Brief:
Each line of the data below should be restated exactly, with images left out.

Data excerpt:
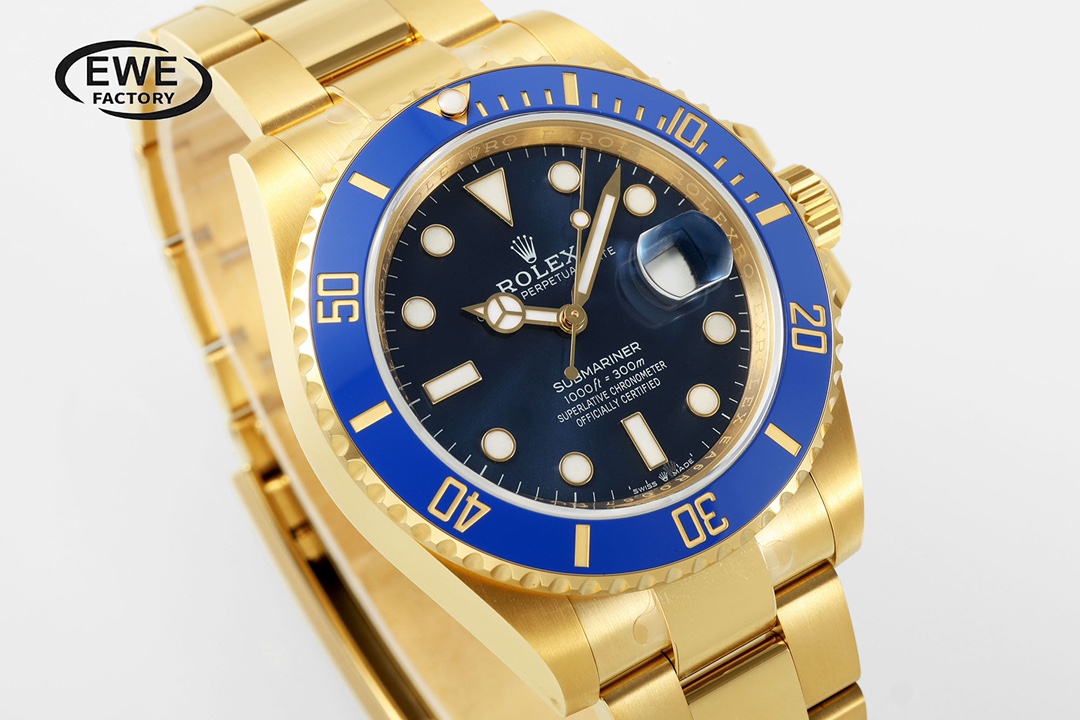 EW공장 롤렉스 서브마리너 신형 쿠키몬스터 41mm 옐로우 골드 금통 m126618lb 상세 이미지 3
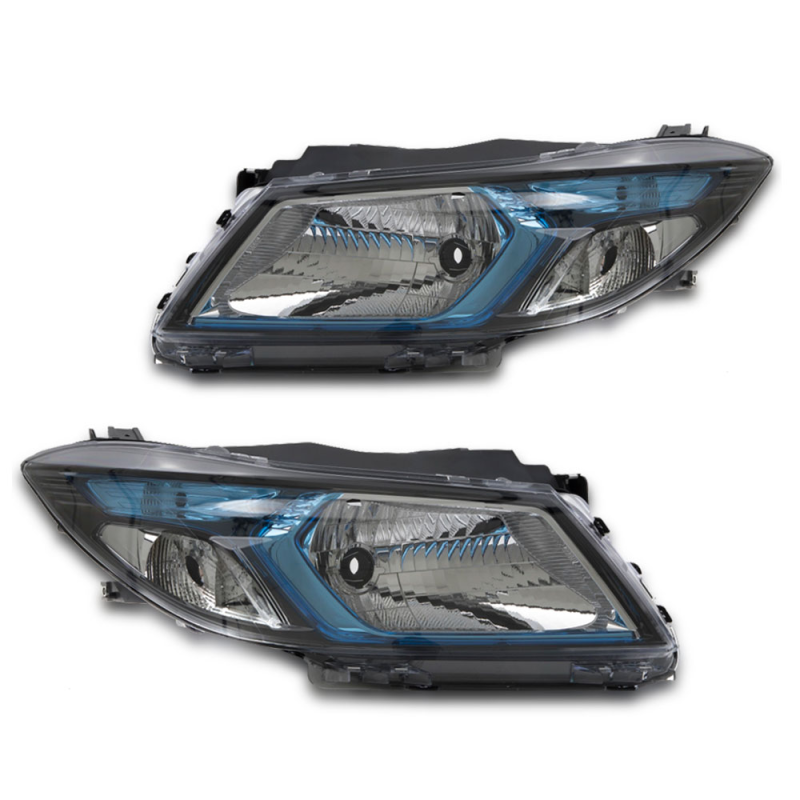 0160772 Farol Original Onix Prisma 2012 A 2016 Lado Direito Com Moldura Azul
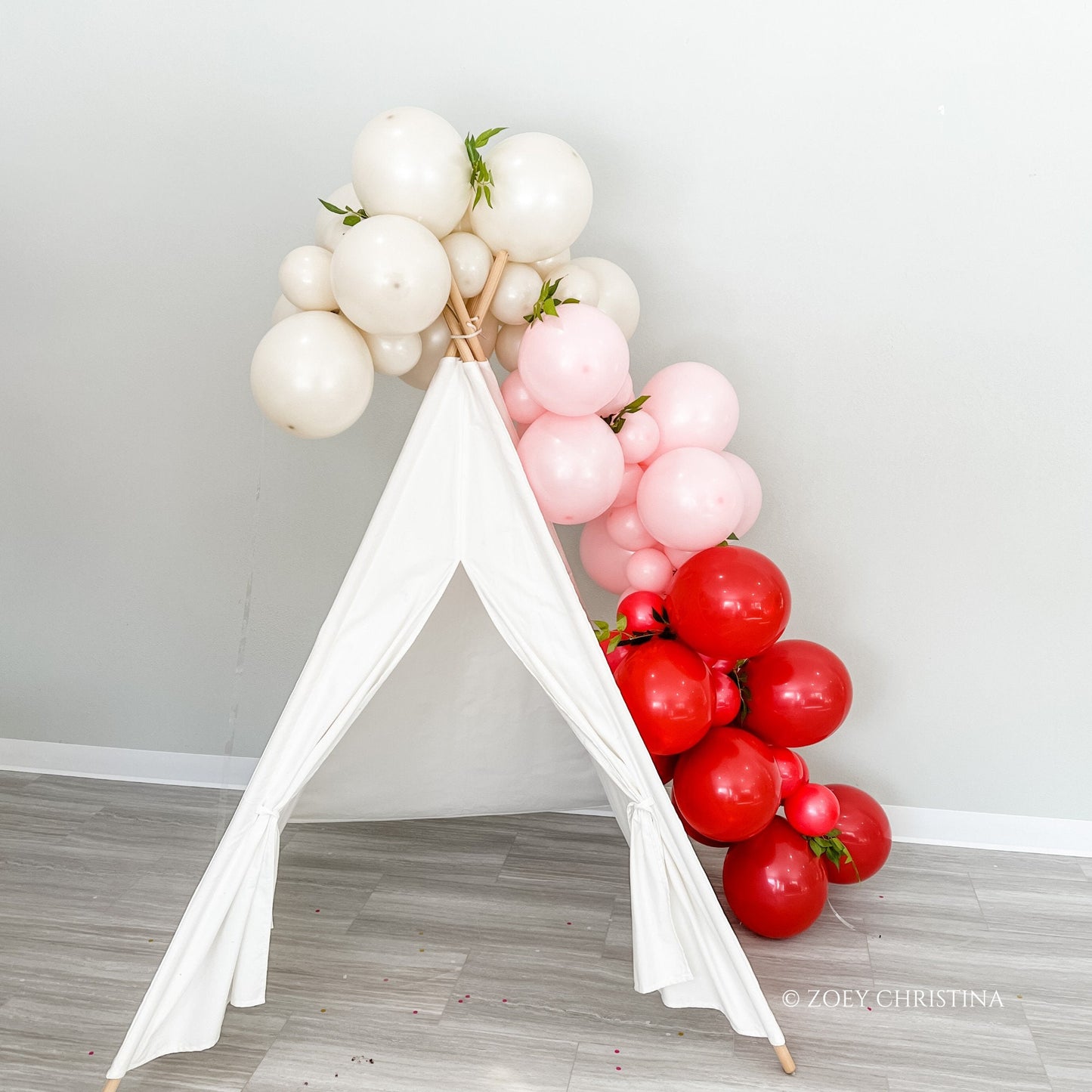 Love-Themed Balloon Garland – Romantic Pink & Red Party Decor for Valentine’s & Weddings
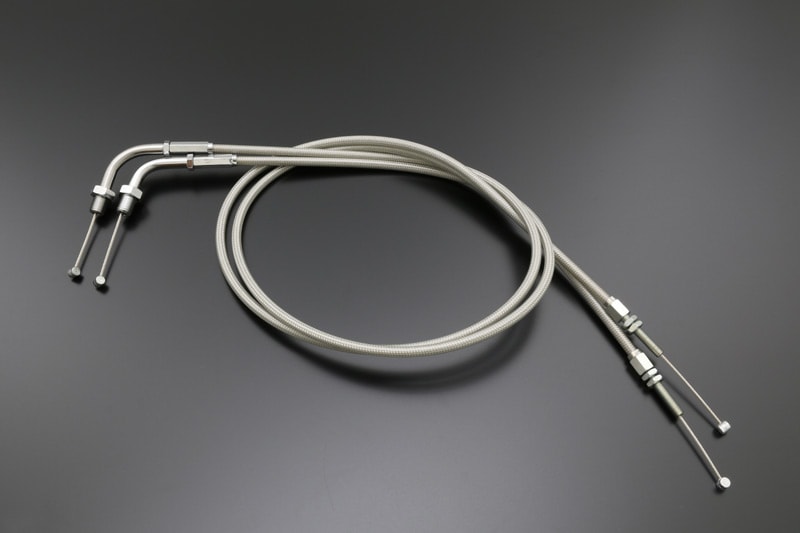 ステンメッシュスロットルワイヤー (Z1R系コンチハンドル仕様 ワイヤー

Response box:
 EW공장 롤렉스 서브마리너 신형 쿠키몬스터 41mm 옐로우 골드 금통 m126618lb 상세 이미지 3
 0160772 Farol Original Onix Prisma 2012 A 2016 Lado Direito Com Moldura Azul
 Love-Themed Balloon Garland – Romantic Pink & Red Party Decor for Valentine’s & Weddings
 ステンメッシュスロットルワイヤー (Z1R系コンチハンドル仕様 ワイヤー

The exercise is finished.